[Items listed in a dataset]

<<<<

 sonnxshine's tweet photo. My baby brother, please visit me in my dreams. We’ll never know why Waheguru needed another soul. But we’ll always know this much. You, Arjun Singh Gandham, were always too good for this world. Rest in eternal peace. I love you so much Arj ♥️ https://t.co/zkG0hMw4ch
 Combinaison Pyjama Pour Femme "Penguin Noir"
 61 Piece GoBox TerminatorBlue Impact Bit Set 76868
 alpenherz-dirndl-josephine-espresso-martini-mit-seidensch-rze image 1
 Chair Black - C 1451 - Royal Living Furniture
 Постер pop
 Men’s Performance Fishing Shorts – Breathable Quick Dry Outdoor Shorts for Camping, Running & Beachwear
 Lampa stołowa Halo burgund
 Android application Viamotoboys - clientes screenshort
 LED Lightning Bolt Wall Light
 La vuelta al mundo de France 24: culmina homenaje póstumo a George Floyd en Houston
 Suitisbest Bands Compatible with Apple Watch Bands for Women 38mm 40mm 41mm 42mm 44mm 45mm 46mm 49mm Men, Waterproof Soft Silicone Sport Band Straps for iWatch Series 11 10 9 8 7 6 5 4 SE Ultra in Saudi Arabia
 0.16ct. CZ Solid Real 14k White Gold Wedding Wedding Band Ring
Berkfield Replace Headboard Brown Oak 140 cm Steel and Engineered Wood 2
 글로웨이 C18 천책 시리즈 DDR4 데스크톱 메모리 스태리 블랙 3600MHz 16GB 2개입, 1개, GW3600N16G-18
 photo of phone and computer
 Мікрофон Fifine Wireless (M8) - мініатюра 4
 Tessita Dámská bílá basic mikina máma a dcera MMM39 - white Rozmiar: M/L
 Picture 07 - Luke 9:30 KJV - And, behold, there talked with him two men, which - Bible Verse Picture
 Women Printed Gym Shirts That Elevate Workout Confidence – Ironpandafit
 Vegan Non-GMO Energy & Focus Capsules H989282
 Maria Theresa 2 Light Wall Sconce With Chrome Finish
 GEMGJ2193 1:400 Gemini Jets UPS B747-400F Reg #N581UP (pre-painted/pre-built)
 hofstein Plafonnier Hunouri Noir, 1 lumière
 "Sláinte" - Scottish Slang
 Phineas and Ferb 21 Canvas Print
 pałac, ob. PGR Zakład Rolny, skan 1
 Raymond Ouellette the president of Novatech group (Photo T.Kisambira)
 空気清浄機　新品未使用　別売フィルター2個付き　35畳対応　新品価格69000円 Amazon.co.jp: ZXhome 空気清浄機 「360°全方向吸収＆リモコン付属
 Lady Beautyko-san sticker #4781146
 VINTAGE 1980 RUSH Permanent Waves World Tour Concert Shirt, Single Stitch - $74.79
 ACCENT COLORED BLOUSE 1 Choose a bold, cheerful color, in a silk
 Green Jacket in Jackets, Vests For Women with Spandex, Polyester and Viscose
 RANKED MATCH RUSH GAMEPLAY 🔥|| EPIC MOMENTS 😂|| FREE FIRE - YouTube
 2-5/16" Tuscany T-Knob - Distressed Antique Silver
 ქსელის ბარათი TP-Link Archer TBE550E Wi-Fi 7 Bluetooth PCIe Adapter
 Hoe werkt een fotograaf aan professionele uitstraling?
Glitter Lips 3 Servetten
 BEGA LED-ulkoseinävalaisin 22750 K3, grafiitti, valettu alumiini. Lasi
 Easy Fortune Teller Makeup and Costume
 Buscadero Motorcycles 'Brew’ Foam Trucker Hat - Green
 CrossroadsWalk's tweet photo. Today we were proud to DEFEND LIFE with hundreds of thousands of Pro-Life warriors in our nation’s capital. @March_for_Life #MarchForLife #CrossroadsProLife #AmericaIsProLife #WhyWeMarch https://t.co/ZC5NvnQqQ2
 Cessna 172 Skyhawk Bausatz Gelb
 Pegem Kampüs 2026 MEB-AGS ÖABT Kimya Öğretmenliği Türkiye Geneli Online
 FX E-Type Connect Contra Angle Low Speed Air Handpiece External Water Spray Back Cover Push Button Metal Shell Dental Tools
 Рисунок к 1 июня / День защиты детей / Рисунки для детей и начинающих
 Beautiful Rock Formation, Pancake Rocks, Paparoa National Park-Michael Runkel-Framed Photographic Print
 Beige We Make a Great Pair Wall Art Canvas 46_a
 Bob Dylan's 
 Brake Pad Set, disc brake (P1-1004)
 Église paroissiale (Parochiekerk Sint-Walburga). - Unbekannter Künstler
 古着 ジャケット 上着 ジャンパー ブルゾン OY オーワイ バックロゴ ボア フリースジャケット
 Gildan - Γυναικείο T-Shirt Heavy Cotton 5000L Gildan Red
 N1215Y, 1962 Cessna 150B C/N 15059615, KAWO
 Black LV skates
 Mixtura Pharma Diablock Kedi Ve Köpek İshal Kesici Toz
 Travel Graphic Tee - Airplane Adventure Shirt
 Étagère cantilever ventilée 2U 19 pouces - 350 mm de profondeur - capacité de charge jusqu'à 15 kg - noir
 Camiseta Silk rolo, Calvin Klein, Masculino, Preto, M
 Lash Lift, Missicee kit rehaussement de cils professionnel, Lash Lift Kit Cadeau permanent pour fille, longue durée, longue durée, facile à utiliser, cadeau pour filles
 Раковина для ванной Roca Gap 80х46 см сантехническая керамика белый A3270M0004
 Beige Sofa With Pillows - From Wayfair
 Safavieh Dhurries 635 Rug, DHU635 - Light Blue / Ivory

>>>>

> Task description
Your answer should consist only of the lines above between the line holding "photo of phone and computer" and the line holding "Green Jacket in", inclusive, each transcribed exactly.

> Task result
 photo of phone and computer
 Мікрофон Fifine Wireless (M8) - мініатюра 4
 Tessita Dámská bílá basic mikina máma a dcera MMM39 - white Rozmiar: M/L
 Picture 07 - Luke 9:30 KJV - And, behold, there talked with him two men, which - Bible Verse Picture
 Women Printed Gym Shirts That Elevate Workout Confidence – Ironpandafit
 Vegan Non-GMO Energy & Focus Capsules H989282
 Maria Theresa 2 Light Wall Sconce With Chrome Finish
 GEMGJ2193 1:400 Gemini Jets UPS B747-400F Reg #N581UP (pre-painted/pre-built)
 hofstein Plafonnier Hunouri Noir, 1 lumière
 "Sláinte" - Scottish Slang
 Phineas and Ferb 21 Canvas Print
 pałac, ob. PGR Zakład Rolny, skan 1
 Raymond Ouellette the president of Novatech group (Photo T.Kisambira)
 空気清浄機　新品未使用　別売フィルター2個付き　35畳対応　新品価格69000円 Amazon.co.jp: ZXhome 空気清浄機 「360°全方向吸収＆リモコン付属
 Lady Beautyko-san sticker #4781146
 VINTAGE 1980 RUSH Permanent Waves World Tour Concert Shirt, Single Stitch - $74.79
 ACCENT COLORED BLOUSE 1 Choose a bold, cheerful color, in a silk
 Green Jacket in Jackets, Vests For Women with Spandex, Polyester and Viscose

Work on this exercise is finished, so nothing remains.